Это зрелище трогательно уже само по себе, если поразмыслить о маленьком скрытом человеке, который переходит от дремоты эмбриона к мертвому сну, из амниона здешнего мира — в саван, этот амнион иного мира, — чьи глаза смыкаются перед сияющей землей, не увидев родителей, глядящих ему вслед влажными глазами, — который был любим, но не любил, — чей маленький язык истлеет, не заговорив, и чье лицо истлеет, никогда не улыбнувшись на нелепом нашем шаре. Конечно, эти срезанные земные ростки где-нибудь найдут себе ствол, к которому их привьет великая судьба; эти цветы, подобно некоторым иным уже в утренние часы отходящие ко сну и закрывающие свои чашечки, где-нибудь раскроются под иным утренним солнцем. — Когда Фирмиан увидел, что мимо него движется это хладное, запеленутое в саван дитя, — в этот час, когда он спорил из-за траурного платья, предназначавшегося для траура по нем самом, — теперь, когда истекала последняя капля старого года, а собственное сердце, свыкшееся с мимолетными обмороками, лишало его надежды завершить новый, — теперь, среди стольких скорбей, он услышал рокот подземного потока смерти у себя под ногами (так бушуют ручьи в каналах, прорытых китайцами под почвой своих садов), и казалось, что та тонкая ледяная кора, на которой он стоит, вскоре рухнет с ним в холодные воды. Несказанно потрясенный, он обратился к Ленетте: «Быть может, ты все же права, оставляя траурное платье, и ты предчувствуешь мою кончину.
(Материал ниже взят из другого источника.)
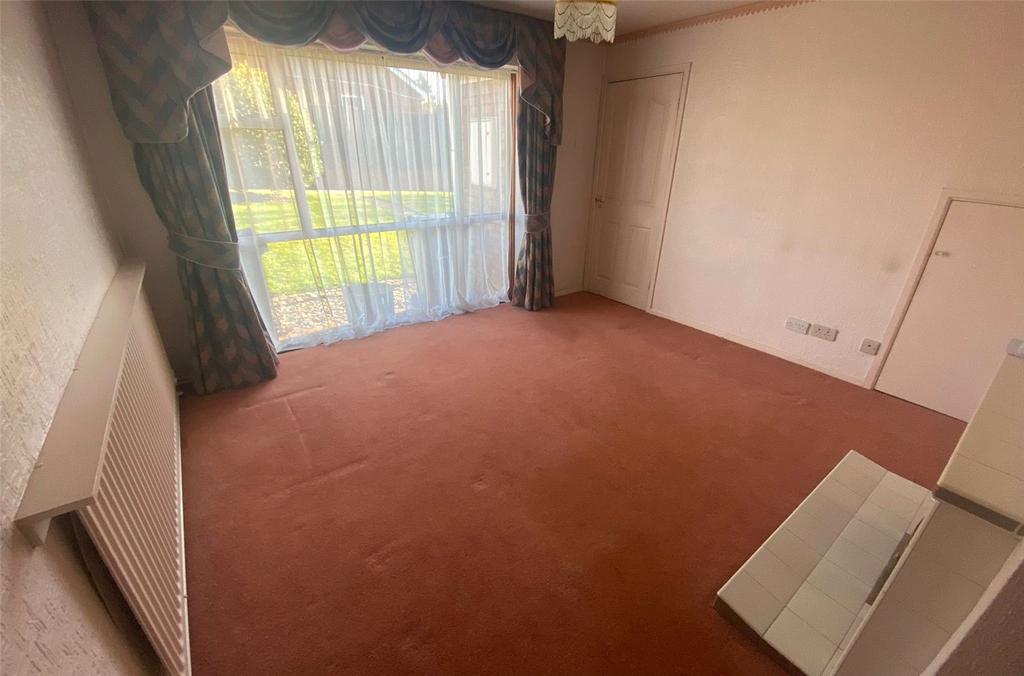 Collins Close, Quinton, Birmingham, B32 2 bed terraced house £152,500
Делай, как знаешь, — я больше не стану отравлять себе последний декабрьский день, ибо не знаю, не будет ли он для меня последним и в другом смысле, и не окажусь ли я через год ближе к этому бедному младенцу, чем к тебе. Теперь я пойду пройтись».
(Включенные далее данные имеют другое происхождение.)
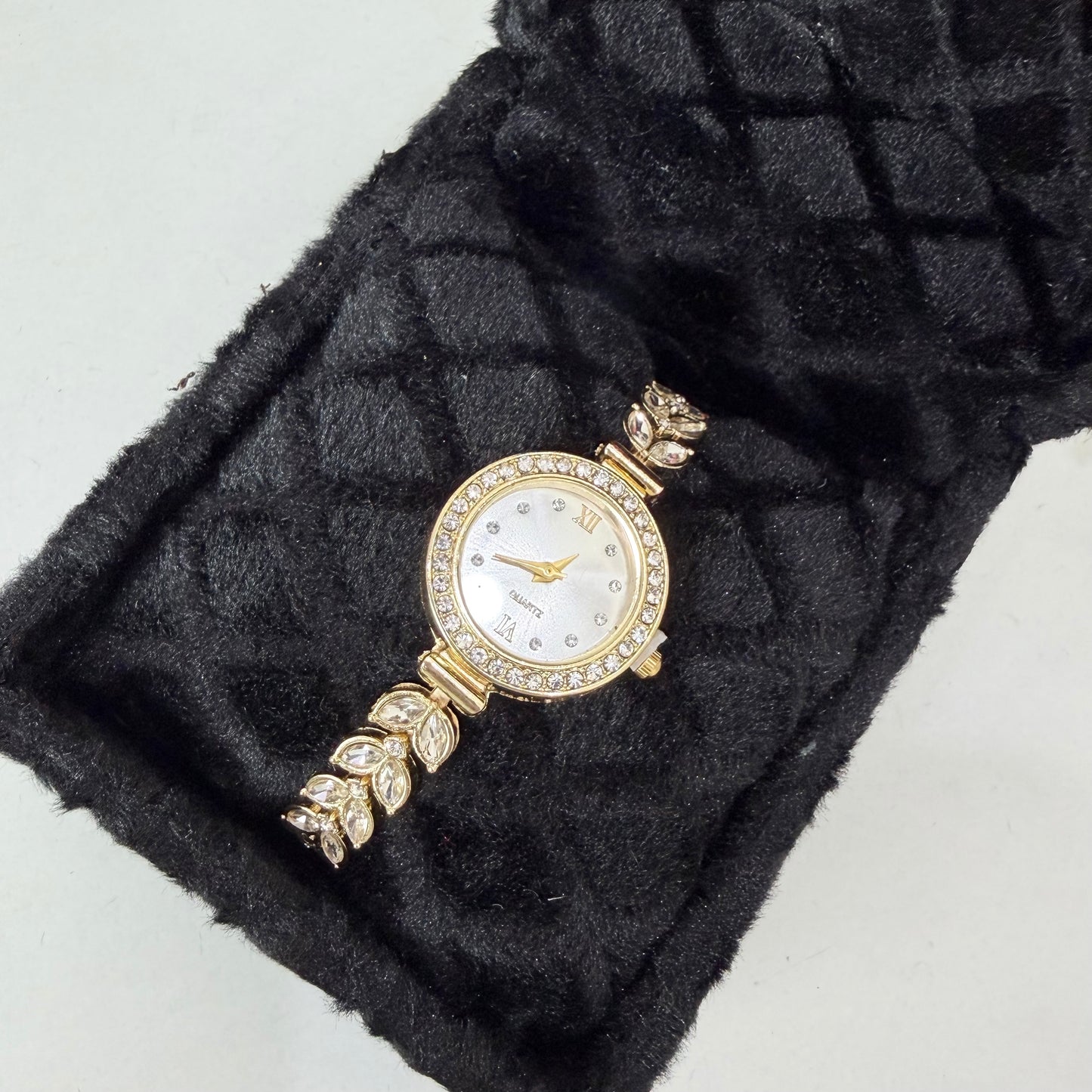 Stone White Watch (Leaf)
Она смущенно молчала. Он поспешно удалился, не ожидая окончательного ответа. Его отсутствие должно было послужить ему лучшей ораторией. — Каждый человек лучше своих порывов — я разумею, лучше низменных, ибо, вместе с тем, каждый хуже своих благих порывов, — и если предоставить им час-другой, чтобы они могли утихнуть, то не только выиграешь дело, но и выиграешь во мнении своего противника. Кроме того, уходя, Фирмиан знал, что Ленетта крепко призадумается над его честным словом и угрозой насчет оленьих рогов.
Выше я уже описывал, как зима, нагая, без снежной простыни и крестильной сорочки, лежала на земле рядом с тощей, сухой мумией прошлого лета. С беспокойным чувством глядел Фирмиан на обнаженную равнину, которой еще предстояло быть покрытой колыбельным одеялом снега и молочно-белым флером изморози, и на текущие ручьи, которые еще должны были застыть и оцепенеть. Последние дни декабря, ясные и теплые, смягчая нас, навевают на нас грусть, в которой четырьмя-пятью каплями больше горечи, чем в грусти позднего лета; до 12 часов ночи и до 31 числа двенадцатого месяца нас томит зимняя и ночная картина умирания, но уже в 1 час пополуночи 1 января живительные утренние ветерки сгоняют тучи с нашей души, и наши взоры встречают глубокую, чистую утреннюю лазурь, восход утренней и весенней звезды. В такой декабрьский день нас тяготит окружающий нас увядший, отсыревший мир окоченелых, обескровленных растений, и разбросанные среди них, засыпанные землей коллекции насекомых и стропила оголенных, морщинистых, засохших деревьев — декабрьское солнце, которое в полдень висит на небе не выше, чем июньское солнце вечером, излучает, подобно горящему спирту, мертвенный желтый свет на блеклые, бесцветные нивы, и всюду дремлют и тянутся, словно при закате природы и года, длинные, гигантские тени, подобные обломкам и кучам пепла, оставшимся от столь же длинных ночей. Зато сверкающий снег, подобно белому туману, стелющемуся на высоте нескольких футов, покрывает под нами плодородную почву; темно-голубая завеса весны, чистое небо, далеко простирается над нами, и белая земля кажется нам белой луной, блестящие ледяные поля которой при нашем приближении превращаются в темно-зеленые луга, где колеблются и пестреют цветы.